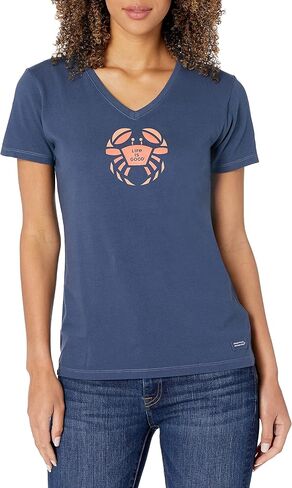 Life is Good womens Womens Crusher V-Neck Graphic T-Shirt Shirt in Kuwait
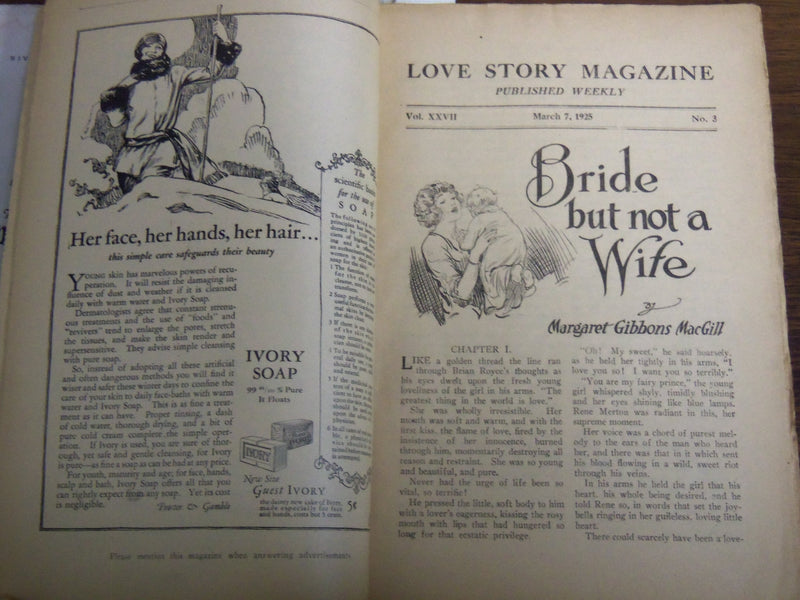 1925 MARCH 7 LOVE STORY MAGAZINE ILLUSTRATED - AMID SCARLET ROSES - K 1133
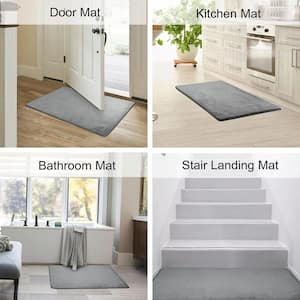 Gray 36 in. x 24 in. Polypropylene Non Slip Doormat Indoor Carpet Stair Tread Cover Landing Mat
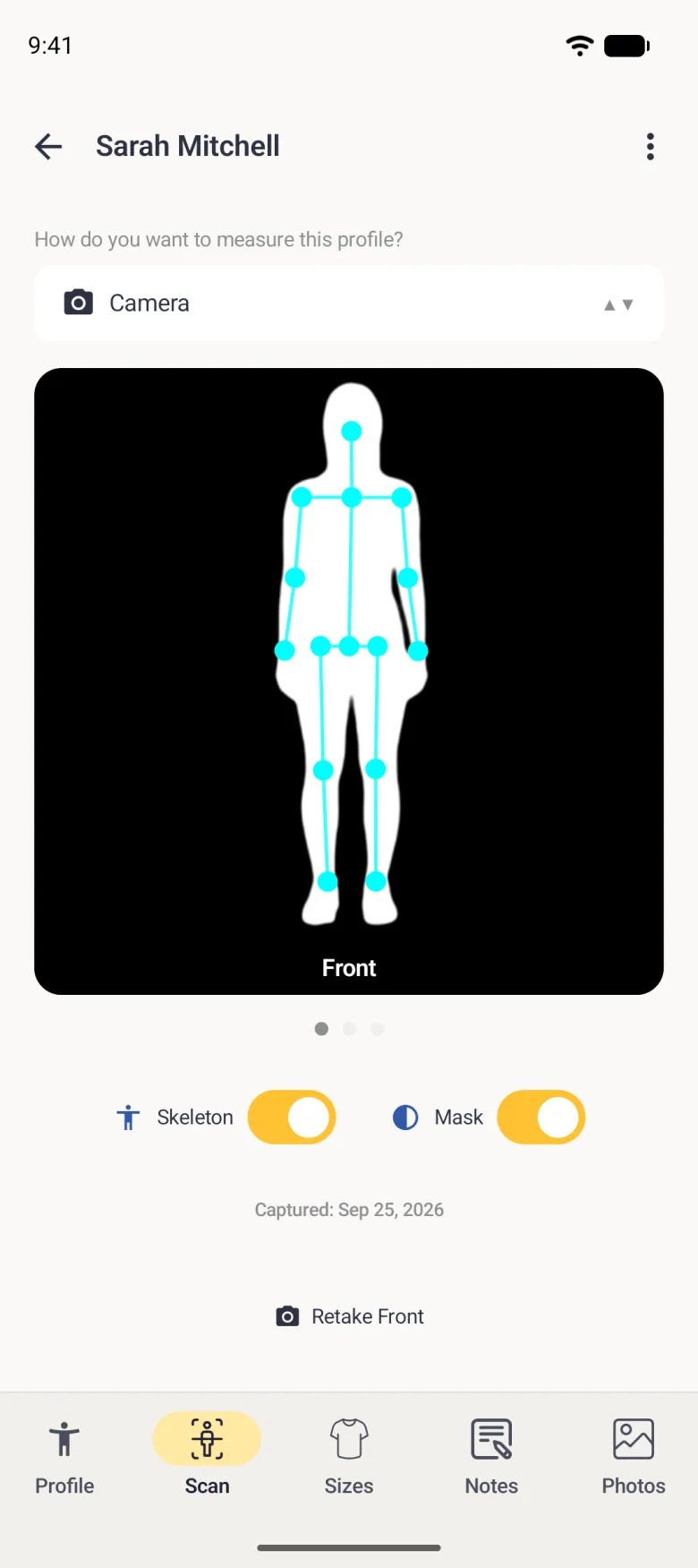 A black card with a white silhouette of a standing figure and the cyan skeleton over it, labelled Front, with both the Skeleton and Mask switches on in gold.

------------------------------------------------------------

EXERCISE DESCRIPTION — Print the listing again exactly, please. Keep the pictures out of it.

TASK RESPONSE —
 Life is Good womens Womens Crusher V-Neck Graphic T-Shirt Shirt in Kuwait
 1925 MARCH 7 LOVE STORY MAGAZINE ILLUSTRATED - AMID SCARLET ROSES - K 1133
 Gray 36 in. x 24 in. Polypropylene Non Slip Doormat Indoor Carpet Stair Tread Cover Landing Mat
 A black card with a white silhouette of a standing figure and the cyan skeleton over it, labelled Front, with both the Skeleton and Mask switches on in gold.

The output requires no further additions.